Sie ist fantastisch. Für mich die beste Aufnahme bisher, weil Immerseel mit dem Kopf dirigiert. Der Chor ist klein. Die Besetzung orientiert sich an den Bedingungen der dreißiger Jahre. Man braucht keine 120 Sänger für die „Carmina burana“.

Wie stand Orff selbst zu den „Carmina burana“?

Ihn freute der internationale Erfolg. Aber er hielt die Griechendramen „Antigonae“, „Oedipus der Tyrann“ und „Prometheus“ für seine besten Stücke.

Warum werden die heute nur sehr selten gespielt?

Orff hat keine Kompromisse gemacht. Diese Werke sind schwer aufzuführen. „Prometheus“ erfordert 23 Schlagzeuger, vier Klaviere und 8 Kontrabässe. Das Spätwerk kommt wieder, da bin ich sicher. Die Ruhrtriennale hat 2012 „Prometheus“ gespielt, Vladimir Jurowski hat das Werk in Moskau dirigiert. Auf russisch.

Warum hat die Orff-Stiftung die Festspiele in Andechs platzen lassen?
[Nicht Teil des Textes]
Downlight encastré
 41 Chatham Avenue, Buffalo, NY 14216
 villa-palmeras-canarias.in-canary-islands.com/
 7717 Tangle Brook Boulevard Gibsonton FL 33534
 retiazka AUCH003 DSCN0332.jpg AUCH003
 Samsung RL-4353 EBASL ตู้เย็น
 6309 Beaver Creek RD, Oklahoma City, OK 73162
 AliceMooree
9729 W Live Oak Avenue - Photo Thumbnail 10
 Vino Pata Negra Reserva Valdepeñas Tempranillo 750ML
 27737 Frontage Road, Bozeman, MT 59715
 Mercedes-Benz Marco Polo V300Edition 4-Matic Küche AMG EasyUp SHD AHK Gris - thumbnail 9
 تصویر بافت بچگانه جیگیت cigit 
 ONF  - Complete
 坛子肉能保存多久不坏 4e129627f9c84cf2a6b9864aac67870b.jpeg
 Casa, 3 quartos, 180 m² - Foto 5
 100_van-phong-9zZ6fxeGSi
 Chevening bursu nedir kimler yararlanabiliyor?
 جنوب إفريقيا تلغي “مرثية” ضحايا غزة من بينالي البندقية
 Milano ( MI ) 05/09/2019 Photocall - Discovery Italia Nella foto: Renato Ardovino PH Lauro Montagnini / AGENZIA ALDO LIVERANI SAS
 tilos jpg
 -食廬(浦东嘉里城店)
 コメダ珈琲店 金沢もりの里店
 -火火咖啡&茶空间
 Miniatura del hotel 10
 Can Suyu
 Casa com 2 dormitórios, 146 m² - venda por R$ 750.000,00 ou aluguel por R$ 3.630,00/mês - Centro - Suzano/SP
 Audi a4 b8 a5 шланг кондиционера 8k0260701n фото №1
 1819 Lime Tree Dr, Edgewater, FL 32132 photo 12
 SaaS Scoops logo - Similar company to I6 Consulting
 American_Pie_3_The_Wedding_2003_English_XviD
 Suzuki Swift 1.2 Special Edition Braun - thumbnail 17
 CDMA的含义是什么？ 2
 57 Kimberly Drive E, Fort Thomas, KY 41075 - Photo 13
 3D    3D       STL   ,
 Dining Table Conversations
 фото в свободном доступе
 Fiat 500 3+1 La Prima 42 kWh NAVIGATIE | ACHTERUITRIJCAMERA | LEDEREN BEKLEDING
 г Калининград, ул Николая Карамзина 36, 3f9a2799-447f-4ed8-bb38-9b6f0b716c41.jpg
Das war eine Frage der Qualität. Es wurde manches umgebracht, das eigentlich nicht umzubringen ist. Marcus Everding kommt vom Schauspiel her. Er hat viel mit Laien gearbeitet und da draußen eine Art Orff-Laienbühne entwickelt. Das ist Orff nicht angemessen. Außerdem ist der Florian-Stadl für das Spätwerk zu klein.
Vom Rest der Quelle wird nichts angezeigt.